At the first Republican presidential primary debate of the 2024 election, the last biblical reference of the night was also its most significant—and the most often misunderstood.
“In his pitch to get to the Oval Office, President Reagan called America the ‘shining city on a hill,’ a beacon of hope and optimism,” prompted moderator Bret Baier.
“So, in your closing statement tonight, please tell American voters why you are the person who can inspire this nation to a better day,” said Baier’s fellow Fox News host, Martha MacCallum.
Former vice president Mike Pence’s response stuck closest to the theme, evoking the same 1630 speech Reagan quoted, with a reference to Americans’ Puritan forebears. “God is not done with America yet,” Pence said, “and if we will renew our faith in him who has ever guided this nation since we arrived on these wilderness shores, I know the best days for the greatest nation on earth are yet to come.”
City on a hill—this captivating little phrase has a complicated American history, one that often ignores the phrase’s true origin: not among the Puritans, but in Christ’s Sermon on the Mount.
The phrase was used by the governor of the Massachusetts Bay colony, John Winthrop, in his 1630 treatise “A Model of Christian Charity”: “For we must consider that we shall be as a city upon a hill. The eyes of all people are upon us.” Historians are not certain when (or if) Winthrop delivered the speech, but the popular story is that he gave it on the flagship Arbella to his fellow Puritan travelers on their way to Salem, Massachusetts.

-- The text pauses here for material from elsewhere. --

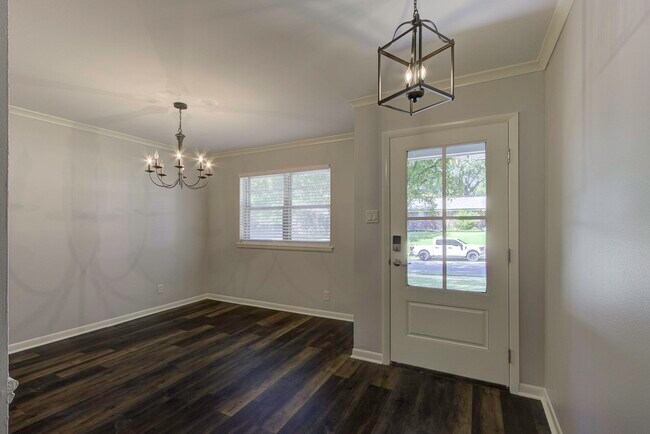 Foto del edificio - 1440 Wheaton St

Winthrop’s words have been called the “most famous lay sermon in American history” and the “book of Genesis in America’s political Bible,” but his treatise went virtually unnoticed for centuries. There are only a few scattered references to Winthrop’s speech before the middle of the twentieth century. That is, until John F. Kennedy drew on increasing interest in the religious roots of America’s founding—comparing the “hazardous” voyage America was embarking upon in 1961 to the voyage Winthrop took in 1630.
But it was Ronald Reagan who would transform city on a hill into “one of the most familiar lines in the liturgy of the American civil religion.” Reagan used the phrase to lend moral weight and divine sanction to his political project, and few politicians since have been able to resist doing the same. For instance, in the 2016 election, Hilary Clinton encouraged an audience by saying that “we’re still Reagan’s shining city on a hill.”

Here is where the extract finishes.